Commercial pressures test public trust in science
5 March 2002 18:00 GMT
by Bill O'Neill,
BioMedNet News
Biological
weapons, global warming, GM technology, BSE and vCJD, and nuclear
power are the top five science-related concerns of people in the
UK, according to a survey of public attitudes to science due to be
released tomorrow.
Nearly three out of four people are worried about bioweapons
(74% of respondents) and climate change (70%), reveals the survey
commissioned by the Royal Society to launch its first National
Forum for Science, a day-long meeting to discuss how to take the
public's concerns about science more seriously.
"The two big issues, biological weapons and global warming,
have received a lot of media attention and are genuinely
frightening issues," noted Paul Nurse, joint director-general of
Cancer Research UK, Nobel laureate, and chair of the Royal
Society's Science in Society initiative.
"It also probably worries the public when politicians like the
US President do not take the scientific evidence over global
warming seriously," he added.
More than one in two people fear the genetic modification of
food and animals (60%), the incidence of bovine spongiform
encephalopathy and its human derivative, variant Creutzfeldt-Jakob
disease (55%), and the use of nuclear power (53%), found the
survey.

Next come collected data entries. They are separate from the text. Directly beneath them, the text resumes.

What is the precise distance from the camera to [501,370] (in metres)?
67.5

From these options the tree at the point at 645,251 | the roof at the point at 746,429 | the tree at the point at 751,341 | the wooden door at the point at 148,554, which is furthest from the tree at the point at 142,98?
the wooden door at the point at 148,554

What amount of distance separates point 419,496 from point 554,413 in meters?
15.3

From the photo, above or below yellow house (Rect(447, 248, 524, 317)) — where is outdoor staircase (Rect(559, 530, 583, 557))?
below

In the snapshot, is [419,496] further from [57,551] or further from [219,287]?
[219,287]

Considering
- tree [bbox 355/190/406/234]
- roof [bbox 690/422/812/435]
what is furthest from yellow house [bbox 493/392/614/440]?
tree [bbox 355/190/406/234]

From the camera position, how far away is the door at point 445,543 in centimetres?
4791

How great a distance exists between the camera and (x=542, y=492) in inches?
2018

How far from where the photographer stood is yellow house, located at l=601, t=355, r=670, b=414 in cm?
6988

The results were collated over the telephone in
mid-February from 1,001 adults older than 16 across Britain and
weighted to the national population profile.
Other issues of concern are medical research on animals (46%),
xenotransplantation (46%), health problems associated with mobile
phones (43%), gene therapy (40%), the MMR triple childhood vaccine
for measles, mumps and rubella (37%), and stem cell research
(28%).
"Genetic modification, BSE/CJD and nuclear power are all ones
which have shaken public confidence in the scientific advice
coming out of government," noted Nurse. "Surprisingly, the MMR
vaccine did not seem to be of such major concern," he added.
The survey also tried to gauge the public's attitude to the
funding, selection, and reporting of research.
Most people say that commercial pressures dominate the funding
of scientific research (55%) and that the public should have more
influence in the type of research done (53%).
"Because of the high publicity given to commercially funded
research especially when new venture capital is being raised, the
public probably underestimates how much scientific research is
actually carried out in the UK by independent university
scientists," suggests Nurse.
"Clearly there is a need for scientists to explain more clearly
to the public how science is funded and regulated, and for a
greater dialogue between scientists and the public," he noted.
On the reporting of science, 47% of respondents felt the media
did not present issues responsibly against 39% who felt it did.
Nurse suggests that newspaper editors should keep their science
correspondents more involved when stories move up the political
agenda.
Alongside Nurse on the forum's panel tomorrow to launch the
question "Do we trust today's scientists?" will be novelist Fay
Weldon, environmental campaigner Charles Secrett, and the
government's chief scientist, David King.